Bu boş bir dilek değil, 2018 yılındaki gelişmelerin bize gösterdiği bir gerçektir. Zira 2018 yılının başlarındaki tablo daha karamsar şekilde emekçilerin önünde dururken, senenin ikinci yarısında artan hak arama mücadeleleri emekçilere mücadele yolunu göstermeye başladı.
Fransa’da yedi haftadır süren ‘sarı yeleklilerin’ mücadelesi neoliberal politikaların uygulayıcısı Macron’a “istifa” sesleriyle devam ediyor.. Üstelik hükümetin vermek zorunda kaldığı kırıntıları reddedip ezilenlerin kurtuluşu düşüncesinin nüvelerini içinde taşıyarak!
Dünyada her geçen gün zenginin daha zengin yoksulun daha yoksul olduğu, emekçilerin yoksulluğu üzerinden elde edilen servetlerin çok az bir azınlığın elinde toplanmaya devam ettiği günümüzde, Fransa emekçilerinin mücadelesi dünya emekçilerine örnek oldu.

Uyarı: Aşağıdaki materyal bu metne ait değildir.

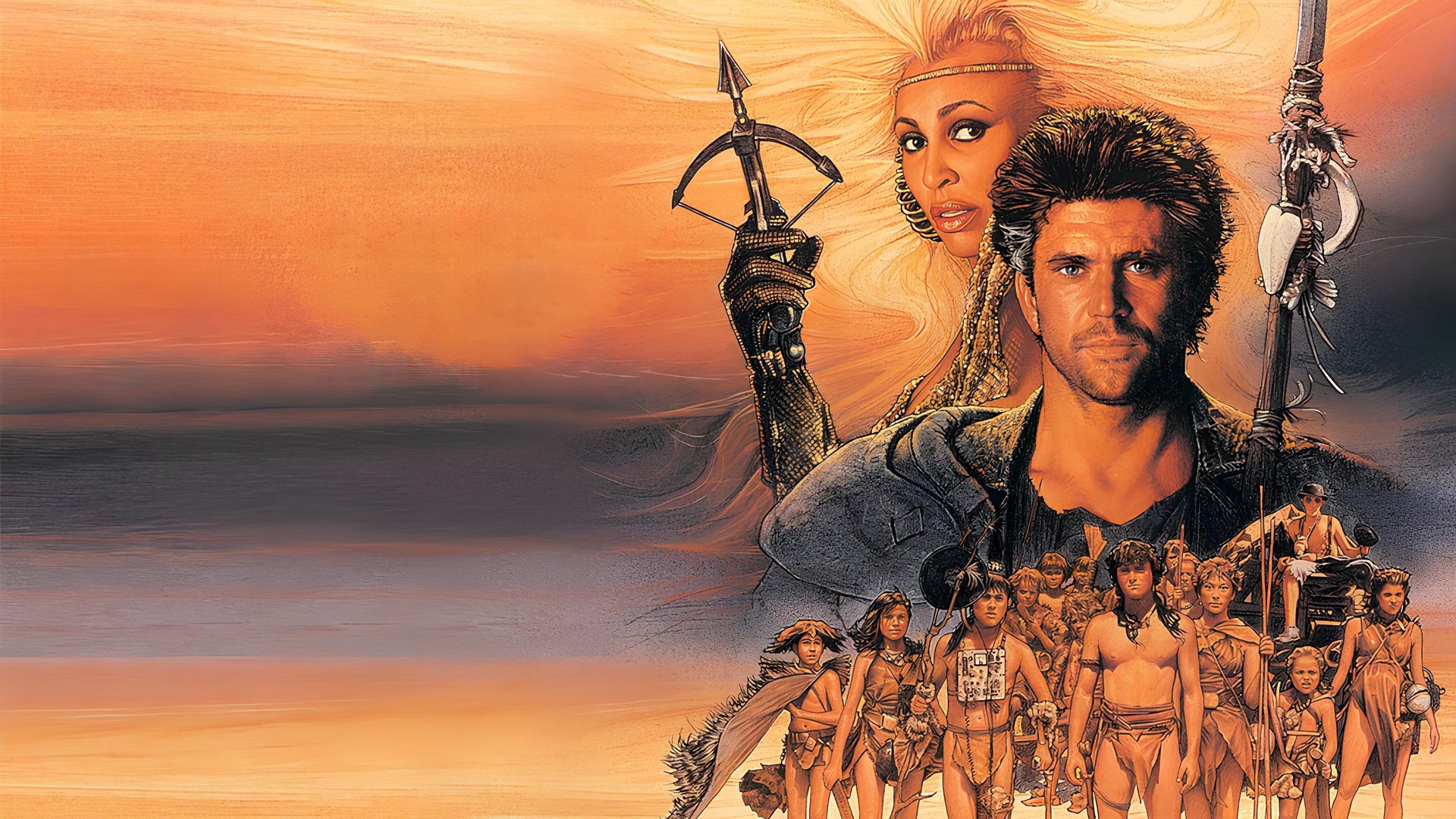 Cinematic background from Mad Max Beyond Thunderdome 1985 - Mad Max becomes a pawn in a decadent oasis of a technological society, and when exiled, becomes the deliverer of a colony of children.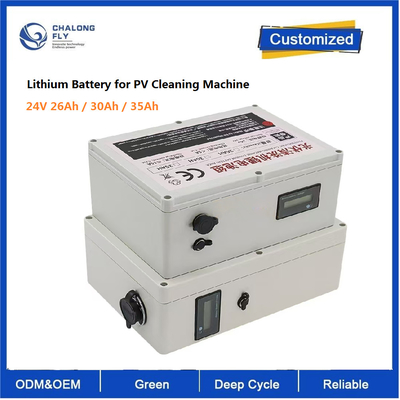 CLF OEM ODM 25.6V 26Ah 30Ah 35Ah Thời gian pin dài Sức mạnh mạnh pin lithium cho máy sạch PV 24V DC Motor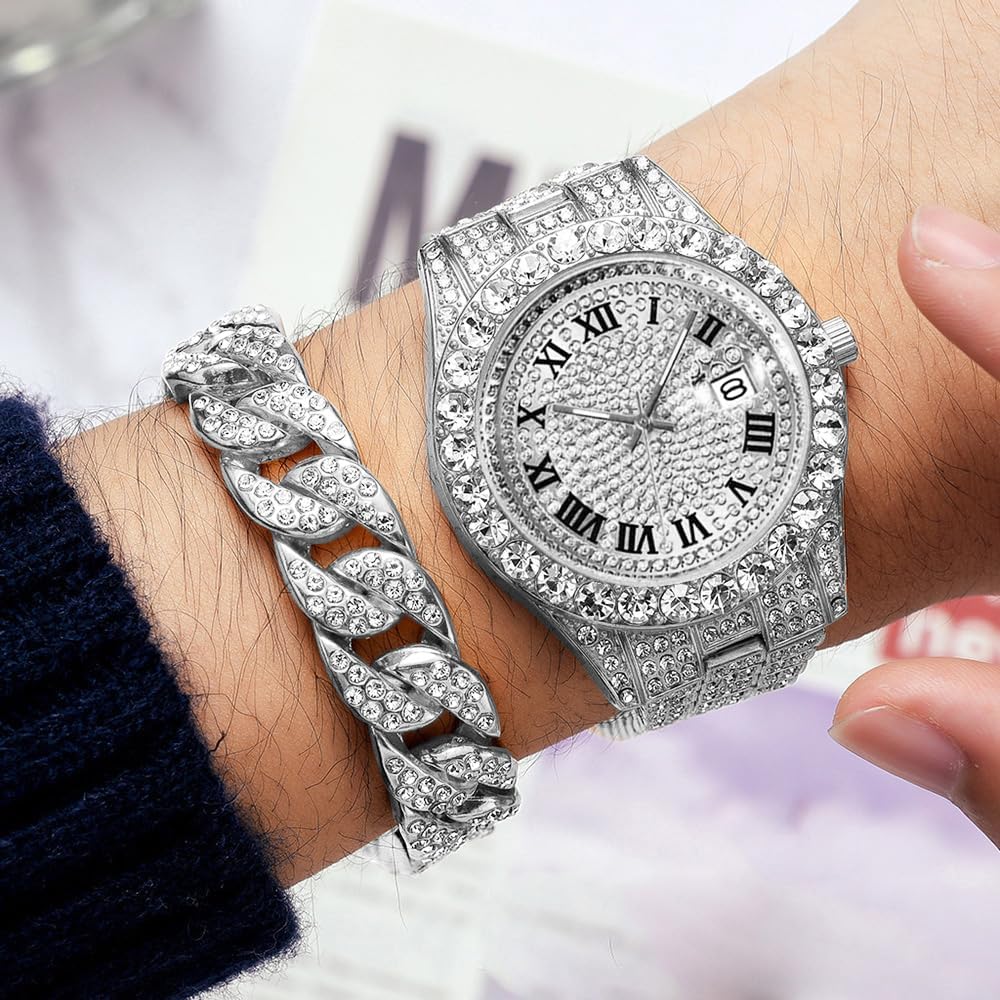 HOTHip Hop Watches for Men Iced-Out Bling Diamond Luxury Quartz Watches with Date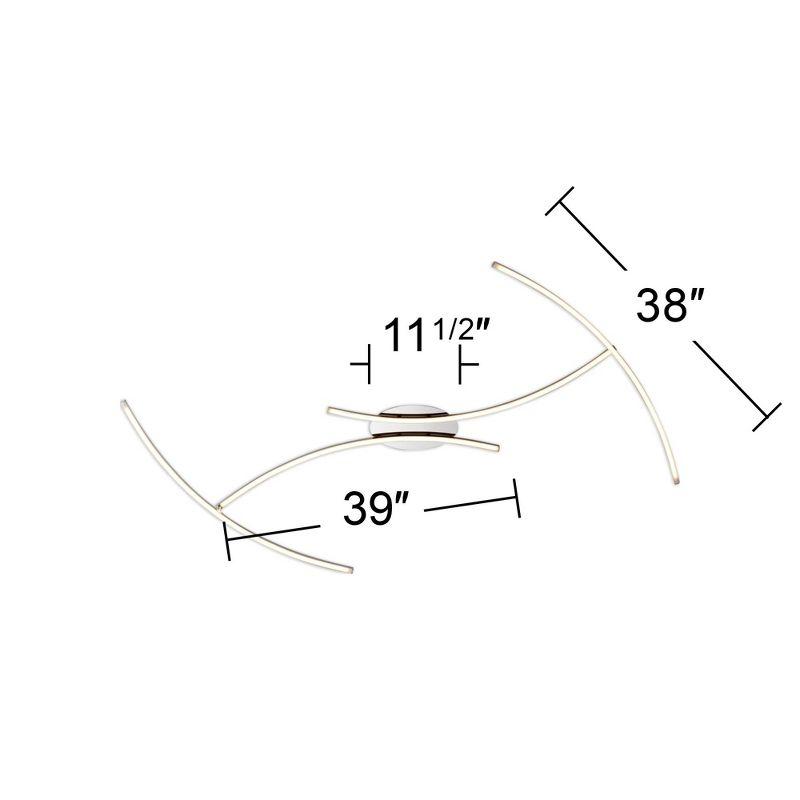 Pro Track Wilfax 4-Arm LED Ceiling Track Light Fixture Kit Adjustable Silver Chrome Finish Modern Large Kitchen Bathroom Living Room 97 1/2" Wide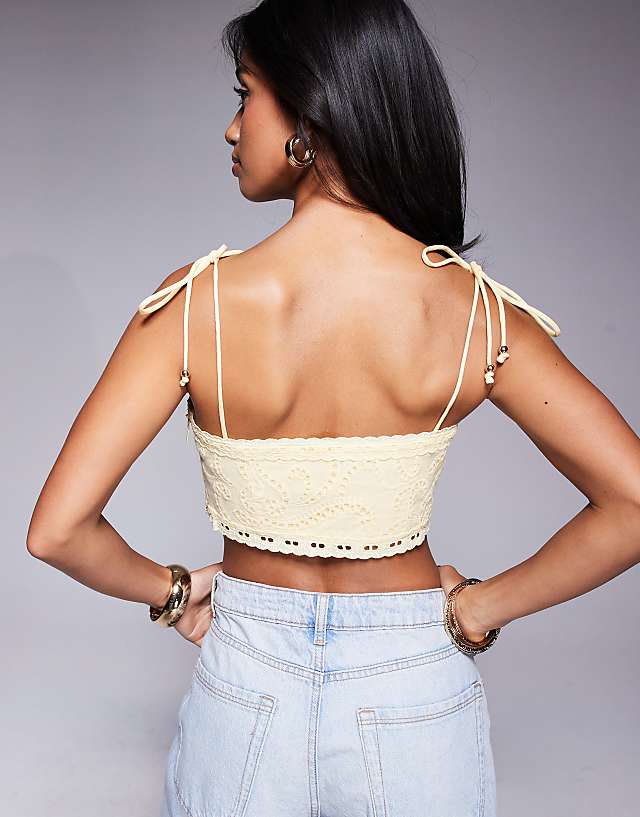 Asos Forever New Petite Linen Bralet In Yellow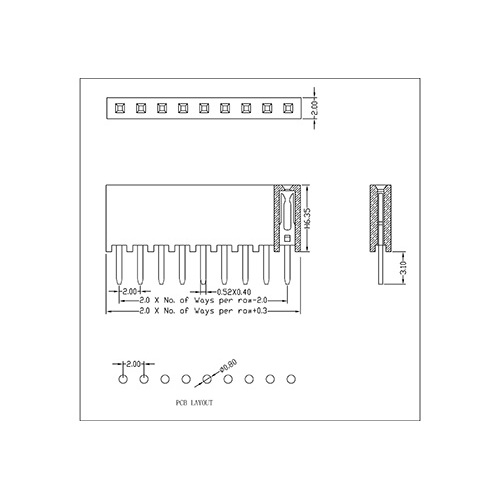 2.0mm Female Header 2.0mm Female header single row straight type Manufactory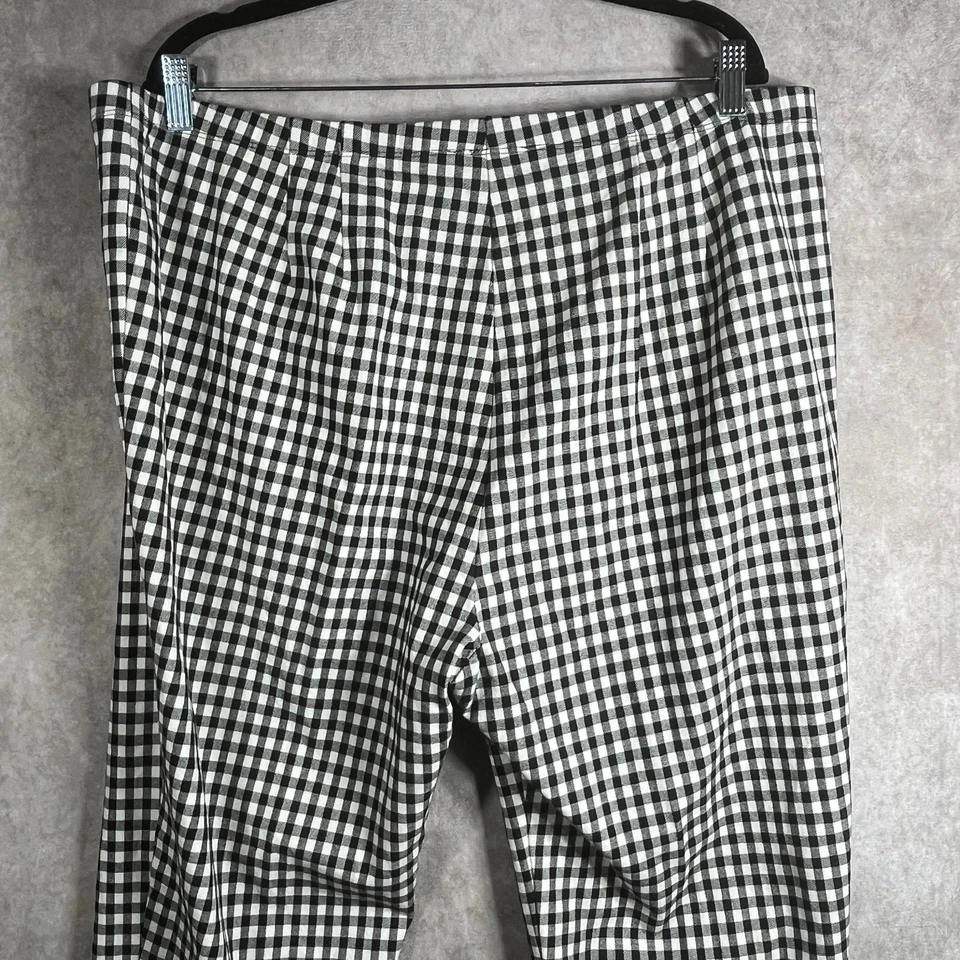 Karen Kane Cropped Pants Womens Size 3X Black White Gingham High Rise Pull On - Image 4 of 4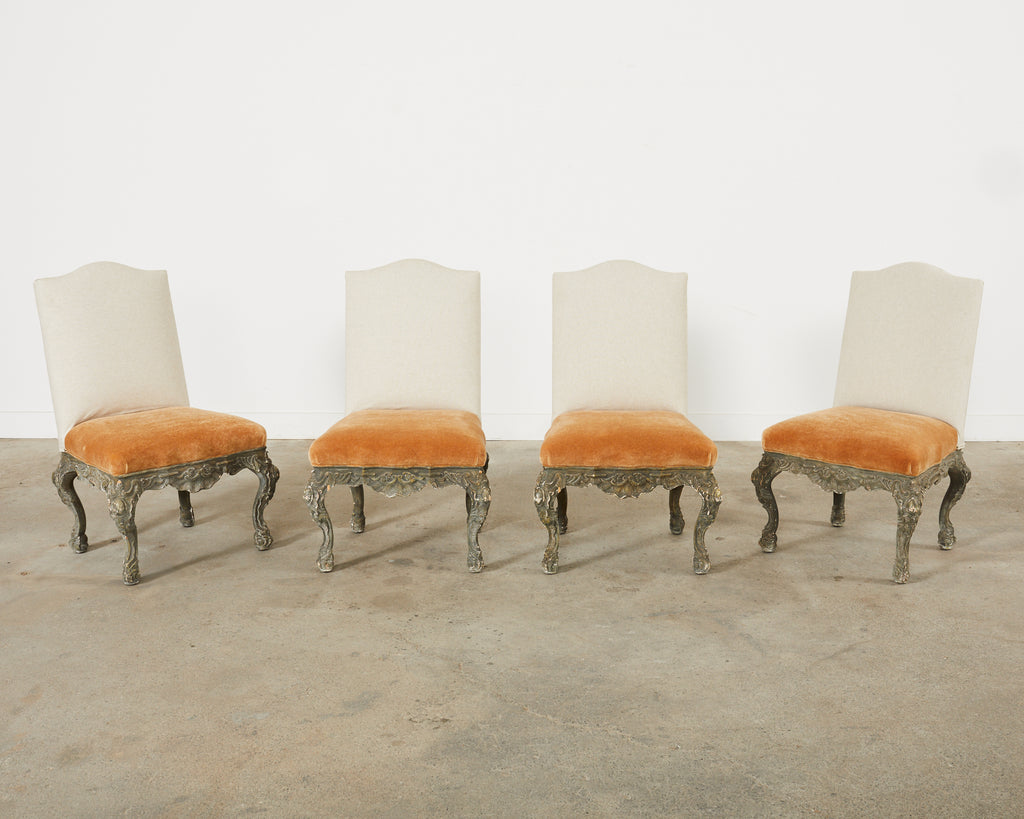 Set of Four Italian Baroque Style Dining Chairs with Mohair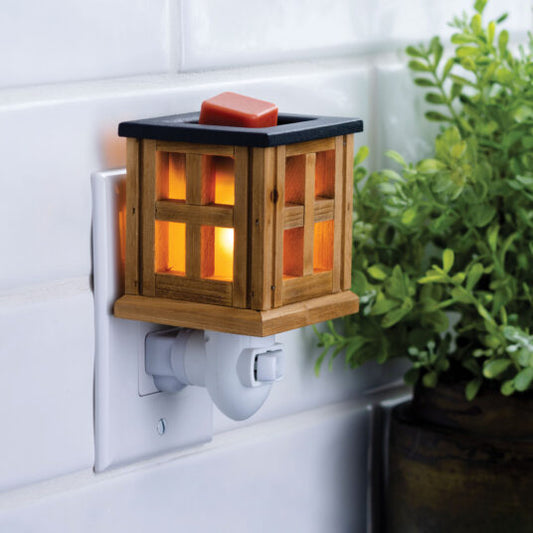Wood Lantern Pluggable Fragrance Warmer - removable top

Ve mücadele edildiğinde kazanımların elde edilebileceği umudunu 2019 yılına taşıyor!
Irkçılık kaçınılmaz değildir ve panzehiri emek mücadelesinin yükselmesidir!
2018 yılına girerken sadece Almanya’da değil, dünyanın birçok ülkesinde ırkçı yükseliş en önemli gündemlerden biriydi. Irkçı partiler Avusturya’da, Macaristan’da İtalya’da hükümetler kurdular, hükümet ortağı oldu. Almanya’da ırkçı partinin yükselişi devam etti. Kriz politikalarının neden olduğu yoksulluğa, ırkçı partiler milliyetçi ve bölücü politikalarıyla cevap olmaya çalıştılar. Emekçilerin sorunlarının çözümü için birleşmelerine karşı bölme ve düşmanlaştırma politikalarını yaygınlaştırdılar.
2018 yılının sonlarına doğru ise ırkçılığın sadece göçmen-mülteci-Müslüman düşmanı değil, aynı zamanda tüm emekçilerin-kadınların düşmanı olduğu her gün daha çok görünür hale gelmeye başladı. Avusturya’da 60 saate çıkarılan iş saati, Macaristan’da fazla mesai saatlerinin 400 saate çıkarılması, kadınların kürtaj hakkı ve talebine saldırılması gibi.
2018 yılı bunlara karşı sessiz kalınmadığı ve gelecekteki mücadelenin güçlendirilmesinin adımlarının atıldığı bir yıl oldu! Almanya’da Chemnitz kentindeki olaylardan sonra pek çok şehirde onbinlerin sokaklara çıkması, Berlin’de 240 bin kişinin ‘bölünmeyeceğiz’ şiarı altında toplanması ırkçılığa karşı iyi bir cevap oldu!
Yaşadığımız ülkede sokaklar sadece ırkçılığa karşı değil, artan ev kiralarına, sağlık sisteminin ticarete dönüştürülmesine, polis yasalarının sertleştirilmesine karşı mücadele geçen yıl olduğundan daha hareketliydi.
Yine devlet bütçelerinden silahlanmaya ayrılan paraların daha da artırılmasına, Almanya’da 35 milyar Euro olan bütçenin 75 milyar Euro’ya çıkarılmasının hedeflenmesine karşı 2018 yazından bu yana 170 bin imzanın toplanması barış ve silahsızlanma talebinin yükselmesinin bir aracı oldu.
Bu gelişmeler, 2019 yılına girerken umutlarımızı çoğalttı.
Bunlar ırkçılığın geliştirilmesinin önüne set çekecek; konut, sağlık, çocuklarımızın eğitimi ve çalışma yaşamı gibi ortak sorunlarımız için yapılması gerekenleri göstermektedir.
Türkiyeliler olarak yerimiz Alman emekçisinin yanıdır!
Rüzgar emekçilerden yana esiyor. Yeterki Almanya’da yaşayan Türkiye kökenliler olarak bizleri hapsetmek istedikleri gettolara karşı durup, kendi çıkarlarımızın ve çocuklarımızın geleceğinin yolunun ne olduğu konusunda kendimiz karar verelim. Yeter ki, Türkiye’yi yönetenlerin çıkarlarının bizim çıkarlarımız olmadığının farkına varalım. Yeter ki yerli hakla birleşmemizin önüne çıkarılan sahte bölünmüşlüklere karşı çıkıp, asıl yerimizin ortak taleplerimiz için yerli halkla daha fazla biraraya gelip, 2019 yılında mücadeleyi büyütmekte olduğunu görelim!
Tüm dostlarımızın, emekçilerin 2019 yılını kutluyor, yaşamımızı güzelleştirmek için gelin bu yolu birlikte katedelim diyoruz!